## TASK ITEM
Below are entries. Reproduce exactly the lines between the line holding "The Windsor modern" and the line holding "Gorgeous lamps and vases and old books.", inclusive, and only those.

Short web captions:
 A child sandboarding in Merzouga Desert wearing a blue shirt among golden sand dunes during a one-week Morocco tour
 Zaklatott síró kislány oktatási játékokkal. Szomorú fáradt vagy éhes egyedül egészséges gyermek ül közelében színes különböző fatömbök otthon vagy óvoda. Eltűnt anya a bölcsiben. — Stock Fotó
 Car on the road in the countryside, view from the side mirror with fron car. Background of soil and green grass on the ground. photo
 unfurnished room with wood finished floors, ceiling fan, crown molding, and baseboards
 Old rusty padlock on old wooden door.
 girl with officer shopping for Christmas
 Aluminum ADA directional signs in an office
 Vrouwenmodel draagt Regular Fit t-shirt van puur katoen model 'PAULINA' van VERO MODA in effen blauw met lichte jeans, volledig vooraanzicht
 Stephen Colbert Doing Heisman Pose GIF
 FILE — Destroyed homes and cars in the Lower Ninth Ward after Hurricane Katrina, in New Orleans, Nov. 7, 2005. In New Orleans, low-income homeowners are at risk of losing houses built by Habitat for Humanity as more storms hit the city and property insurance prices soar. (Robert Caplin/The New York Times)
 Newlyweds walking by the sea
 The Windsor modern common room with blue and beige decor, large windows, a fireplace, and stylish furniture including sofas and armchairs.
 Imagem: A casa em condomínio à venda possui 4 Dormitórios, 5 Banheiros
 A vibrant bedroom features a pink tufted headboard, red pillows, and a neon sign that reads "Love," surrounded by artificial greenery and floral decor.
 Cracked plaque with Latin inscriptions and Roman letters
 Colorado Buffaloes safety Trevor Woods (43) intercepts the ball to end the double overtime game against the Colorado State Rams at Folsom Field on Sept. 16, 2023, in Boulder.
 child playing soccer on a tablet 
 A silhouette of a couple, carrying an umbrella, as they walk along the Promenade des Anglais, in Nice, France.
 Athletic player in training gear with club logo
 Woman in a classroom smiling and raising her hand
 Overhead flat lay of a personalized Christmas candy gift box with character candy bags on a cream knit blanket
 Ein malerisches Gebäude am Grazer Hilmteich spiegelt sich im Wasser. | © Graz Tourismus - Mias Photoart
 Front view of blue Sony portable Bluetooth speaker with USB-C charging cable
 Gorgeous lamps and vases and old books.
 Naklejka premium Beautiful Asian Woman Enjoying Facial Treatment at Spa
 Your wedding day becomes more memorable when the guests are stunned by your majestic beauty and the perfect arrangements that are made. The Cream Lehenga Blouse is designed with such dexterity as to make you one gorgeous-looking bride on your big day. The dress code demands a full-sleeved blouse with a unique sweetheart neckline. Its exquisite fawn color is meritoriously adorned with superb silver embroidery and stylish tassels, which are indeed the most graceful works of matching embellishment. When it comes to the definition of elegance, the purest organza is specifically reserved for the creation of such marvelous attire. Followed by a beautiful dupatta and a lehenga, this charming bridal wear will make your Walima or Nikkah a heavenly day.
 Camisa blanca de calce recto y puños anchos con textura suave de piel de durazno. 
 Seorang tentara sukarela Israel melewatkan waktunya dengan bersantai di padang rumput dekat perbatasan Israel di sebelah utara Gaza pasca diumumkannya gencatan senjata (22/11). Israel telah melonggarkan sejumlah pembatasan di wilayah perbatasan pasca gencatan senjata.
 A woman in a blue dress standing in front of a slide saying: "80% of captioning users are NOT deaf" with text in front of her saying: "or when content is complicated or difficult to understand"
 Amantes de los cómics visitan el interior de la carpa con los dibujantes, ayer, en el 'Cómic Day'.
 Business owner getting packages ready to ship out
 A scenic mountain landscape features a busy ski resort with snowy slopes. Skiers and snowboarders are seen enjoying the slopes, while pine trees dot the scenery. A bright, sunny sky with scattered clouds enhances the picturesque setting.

## WRITTEN ANSWER
 The Windsor modern common room with blue and beige decor, large windows, a fireplace, and stylish furniture including sofas and armchairs.
 Imagem: A casa em condomínio à venda possui 4 Dormitórios, 5 Banheiros
 A vibrant bedroom features a pink tufted headboard, red pillows, and a neon sign that reads "Love," surrounded by artificial greenery and floral decor.
 Cracked plaque with Latin inscriptions and Roman letters
 Colorado Buffaloes safety Trevor Woods (43) intercepts the ball to end the double overtime game against the Colorado State Rams at Folsom Field on Sept. 16, 2023, in Boulder.
 child playing soccer on a tablet 
 A silhouette of a couple, carrying an umbrella, as they walk along the Promenade des Anglais, in Nice, France.
 Athletic player in training gear with club logo
 Woman in a classroom smiling and raising her hand
 Overhead flat lay of a personalized Christmas candy gift box with character candy bags on a cream knit blanket
 Ein malerisches Gebäude am Grazer Hilmteich spiegelt sich im Wasser. | © Graz Tourismus - Mias Photoart
 Front view of blue Sony portable Bluetooth speaker with USB-C charging cable
 Gorgeous lamps and vases and old books.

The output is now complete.